LEPR c.326A>G, LEPR c.668A>G, LEPR c.1968G>C and LEPR c.3024A>G allele, genotype and haplotype polymorphisms were not different in HELLP syndrome patients and normotensive healthy pregnants. There were strong linkage disequilibrium (LD) between loci c.326A>G and c.6687A>G (D' = 0.974), and c.668A>G and c.1968G>C (D' = 0.934), and c.326A>G and c.1968G>C (D' = 0.885), and c.1968G>C and c.3024A>G (D' = 1.0). However, linkages of c.3024A>G with c.668A>G (D' = 0.111) and c.326A>G (D' = 0.398) were weak. The Hardy-Weinberg equilibrium was observed for all polymorphisms.
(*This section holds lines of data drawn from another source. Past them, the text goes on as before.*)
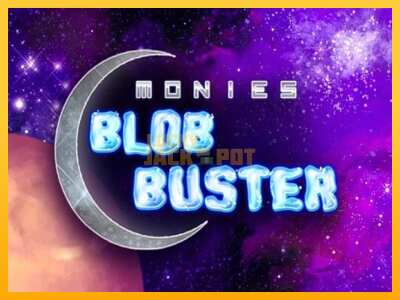 Pul üçün slot maşını Monies Blob Buster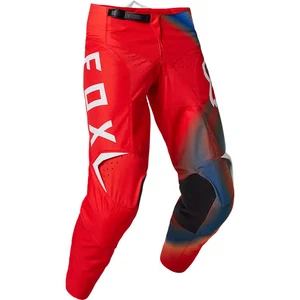 Fox Racing 180 Toxsyk Red/Blue MX Off Road Pants Men's Sizes 26, 28 & 32 - Picture 1 of 2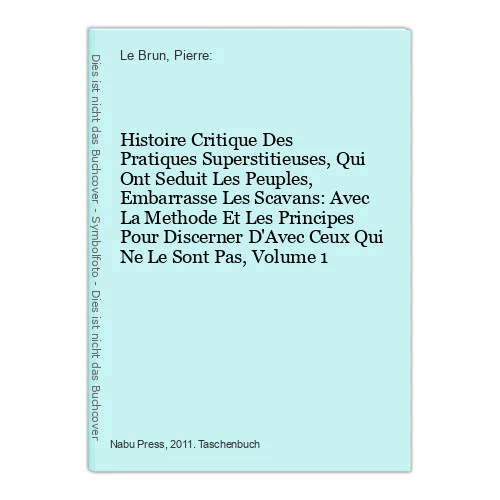 Libro Pieces Fugitives, Pour Servir A L'histoire De France Avec Des Notes Historiques Et Geographiques Volume 1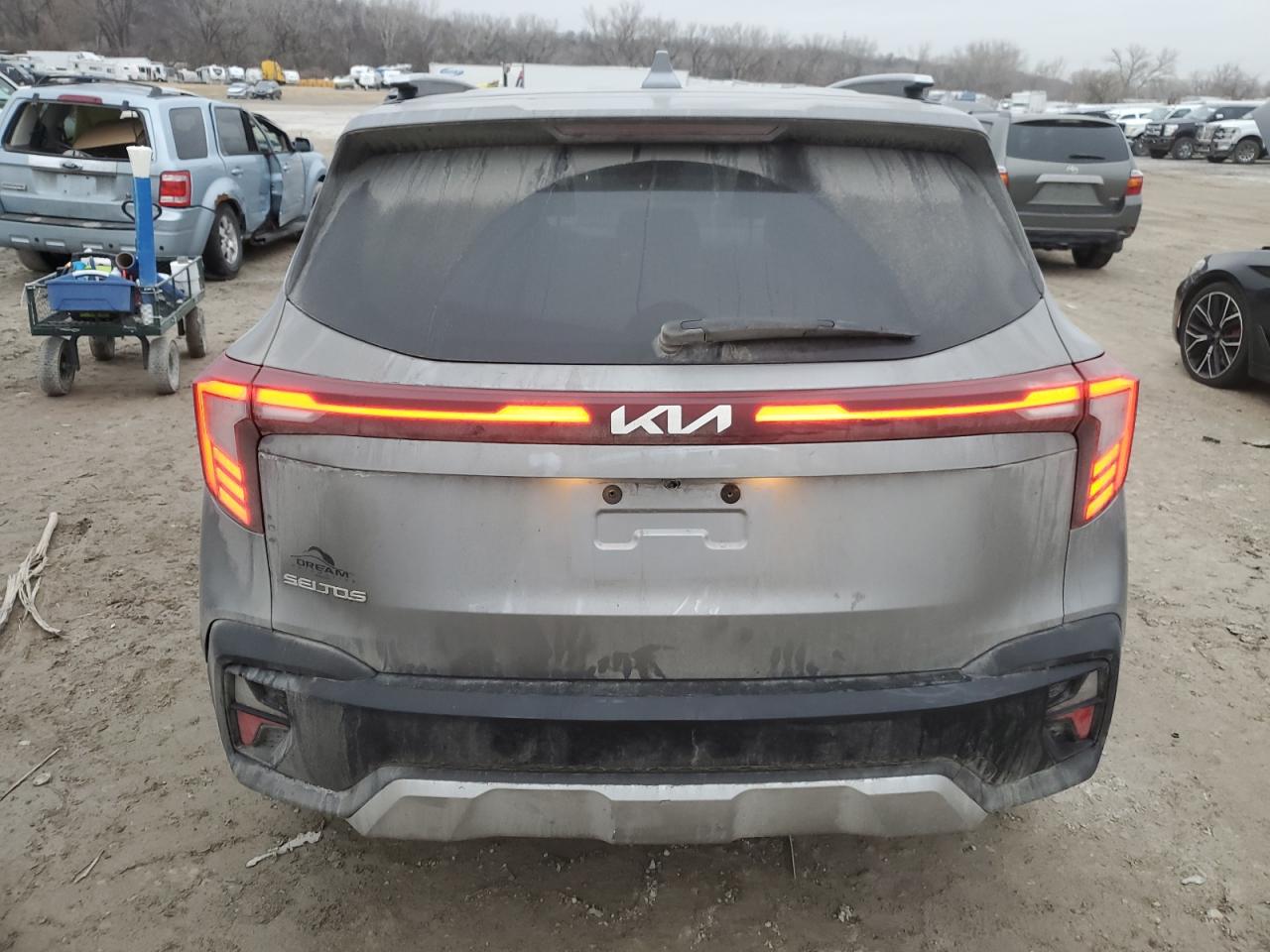 2024 KIA SELTOS S VIN:KNDEU2AA7R7570319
However the LEPR c.326A>G AG genotype was twice more frequent and the (AG AG GG AG) haplotype was three times more frequent in HELLP syndrome patients. The introduced quantitative real-time PCR combined with melting curve analysis is a fast and reliable method for the determination of LEPR SNPs.

Conclusion

Although certain LEPR haplotypes are more frequent in HELLP syndrome, we conclude that there is no compelling evidence that the four studied LEPR SNP polymorphisms associated with the development of HELLP syndrome.